Which is why this fountain of self-refuting boasts (“I have a very good brain”) lies so much. He does so less to deceive anyone than to reassure himself. And as balm for his base, which remains oblivious to his likely contempt for them as sheep who can be effortlessly gulled by preposterous fictions. The tungsten strength of his supporters’ loyalty is as impressive as his indifference to expanding their numbers.

This strikes me as an accurate–indeed, a perceptive– description.

I just can’t help wondering what a similarly penetrating examination of George Will would look like.

 

This Is Our Challenge

Charles Blow is one of the very few columnists who almost always cuts to the very heart of an issue.  His clarity was particularly pronounced in his January 11th column, “The Lowest White Man.”

He began with a description of Donald Trump that mirrored what most sentient Americans already know:

I guess Donald Trump was eager to counter the impression in Michael Wolff’s book that he is irascible, mentally small and possibly insane. On Tuesday, he allowed a bipartisan session in the White House about immigration to be televised for nearly an hour.

Surely, he thought that he would be able to demonstrate to the world his lucidity and acumen, his grasp of the issues and his relish for rapprochement with his political adversaries.

But instead what came through was the image of a man who had absolutely no idea what he was talking about; a man who says things that are 180 degrees from the things he has said before; a man who has no clear line of reasoning; a man who is clearly out of his depth and willing to do and say anything to please the people in front of him.

Blow acknowleged Trump’s antipathy  to people who are not white, but refused to attribute his intransigence about the wall to anything as coherent as bigotry, reminding readers that the original idea of building a wall and making Mexico pay for it was just a cheap campaign stunt. (Trump doesn’t have actual policy positions; that would require reading more than the chyron running on the screen beneath Fox and Friends.)

The column then asks and answers the real question, the one I’ve heard a million times–from family, from friends, from colleagues: why can’t his base see what we all see?
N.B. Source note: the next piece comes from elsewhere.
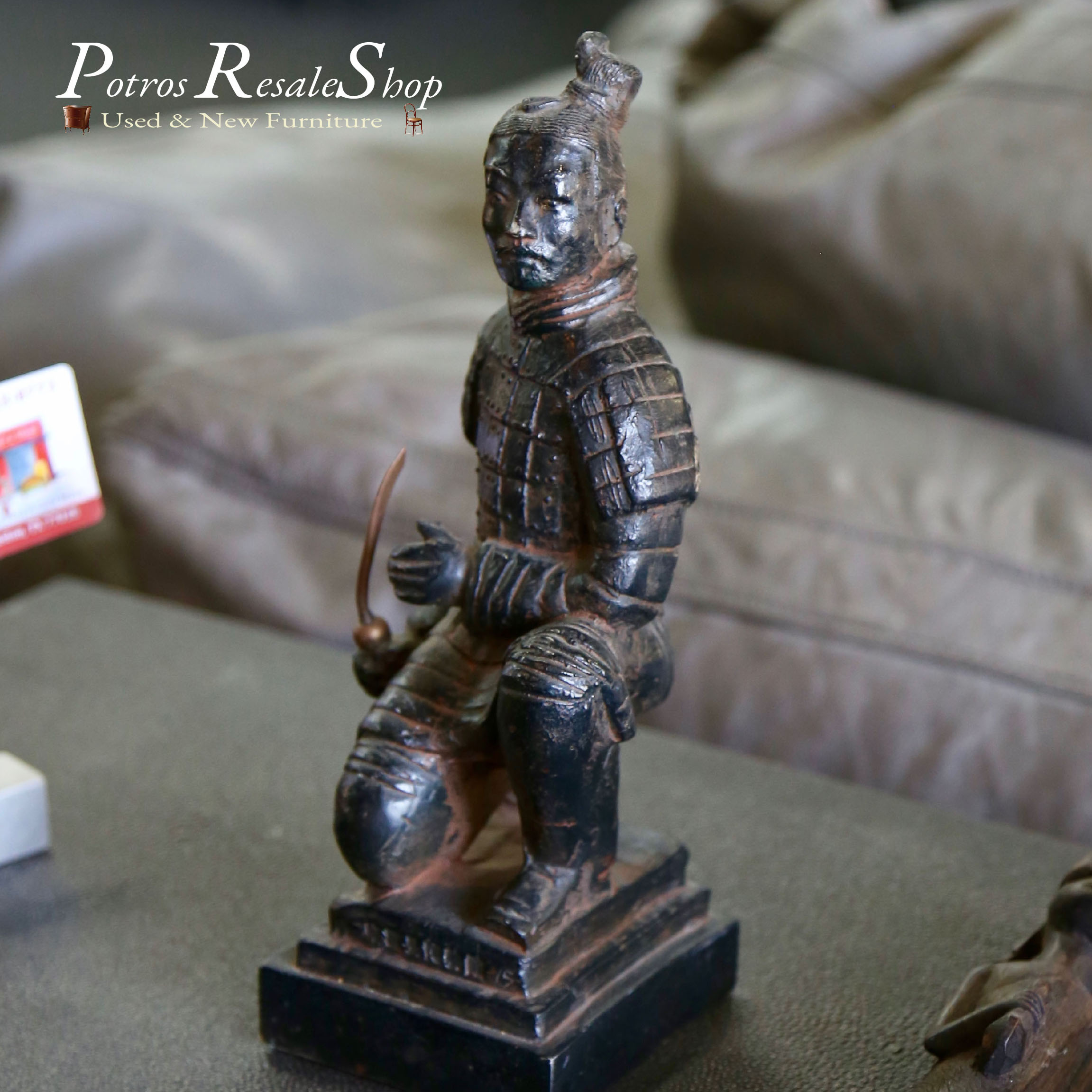 Samurai Warrior Statue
How can anyone still support this pathetic buffoon?

That is because Trump is man-as-message, man-as-messiah. Trump support isn’t philosophical but theological.

Trumpism is a religion founded on patriarchy and white supremacy.
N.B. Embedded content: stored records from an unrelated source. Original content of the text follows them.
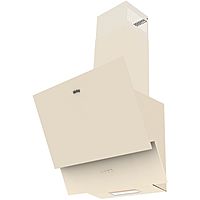 Вытяжка Körting KHC 65070 GB, наклонная, 650 м3/ч, 3 скорости, 60 см, бежевая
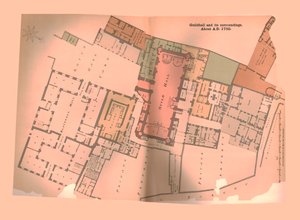 Guild Hall, Piano della Città di Londra, c1750, 1886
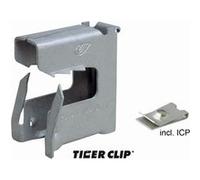 Attache de bord de tôle WALRAVEN BRITCLIPS Tigre 8 - 2-8 mm - 51805208 G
It is the belief that even the least qualified man is a better choice than the most qualified woman and a belief that the most vile, anti-intellectual, scandal-plagued simpleton of a white man is sufficient to follow in the presidential footsteps of the best educated, most eloquent, most affable black man.
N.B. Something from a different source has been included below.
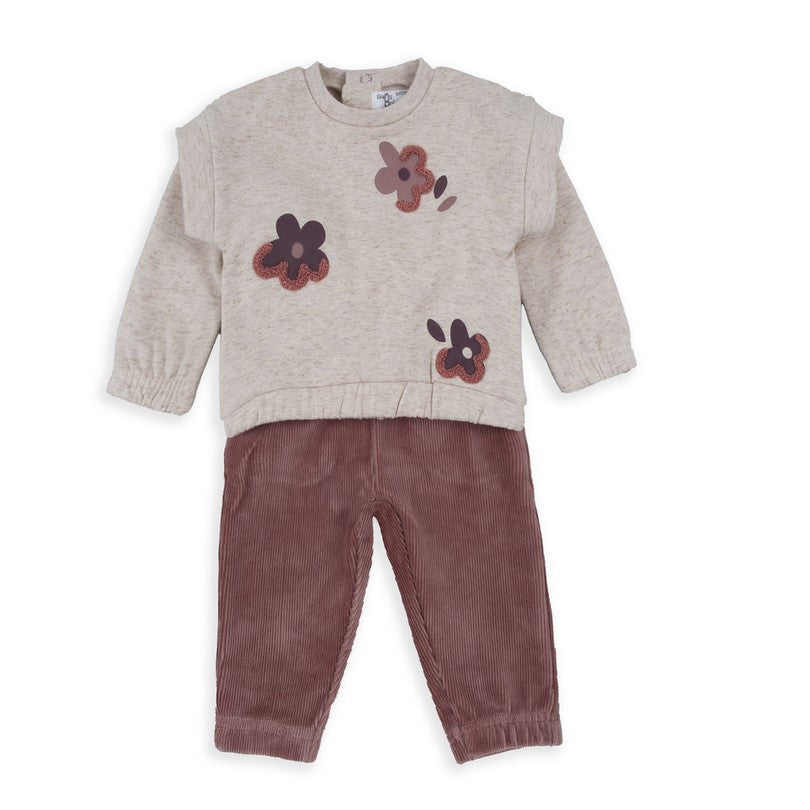 Conjunto Babybol Flores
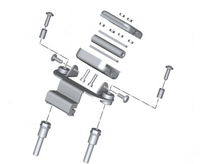 Houder klemmechanisme navigator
As President Lyndon B. Johnson saidin the 1960s to a young Bill Moyers: “If you can convince the lowest white man he’s better than the best colored man, he won’t notice you’re picking his pocket. Hell, give him somebody to look down on, and he’ll empty his pockets for you.”

Trump’s supporters are saying to us, screaming to us, that although he may be the “lowest white man,” he is still better than Barack Obama, the “best colored man.”

There is, of course, a copious history that prompted Johnson’s observation. Poor whites in the post Civil War South were kept compliant by reassurances that–no matter how wretched they were–they were better than those black people, and entitled to their superior status.

There are too many white guys, north and south, who still cling to the comforting belief that their skin color and male genitals make them better than those “others”–women, Jews, gays, immigrants, and even (as we have recently seen) Native Americans. But consistently and especially, black people.

They found Obama’s Presidency intolerable, and they are Trump’s committed base.

No matter how much of an embarrassment and a failure Trump proves to be, his exploits must be judged a success. He must be deemed a correction to Barack Obama and a superior choice to Hillary Clinton. White supremacy demands it. Patriarchy demands it. Trump’s supporters demand it.

That belief, ultimately, is what the resistance is about. That is the worldview that absolutely must be left in the dustbin of history.